**WHAT THE TASK ASKS:**
Both the line containing "Advanced First Aid and Emergency Care Advanced" and the last line of the listing are included: write out exactly the lines from one to the other.

Content starts

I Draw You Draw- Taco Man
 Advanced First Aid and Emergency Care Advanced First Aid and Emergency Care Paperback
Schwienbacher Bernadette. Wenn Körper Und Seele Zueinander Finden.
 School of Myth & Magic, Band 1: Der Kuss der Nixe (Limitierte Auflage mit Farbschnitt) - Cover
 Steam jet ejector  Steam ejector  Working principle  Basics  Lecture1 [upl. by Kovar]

Content ends

**ANSWER TO THE PROBLEM:**
 Advanced First Aid and Emergency Care Advanced First Aid and Emergency Care Paperback
Schwienbacher Bernadette. Wenn Körper Und Seele Zueinander Finden.
 School of Myth & Magic, Band 1: Der Kuss der Nixe (Limitierte Auflage mit Farbschnitt) - Cover
 Steam jet ejector  Steam ejector  Working principle  Basics  Lecture1 [upl. by Kovar]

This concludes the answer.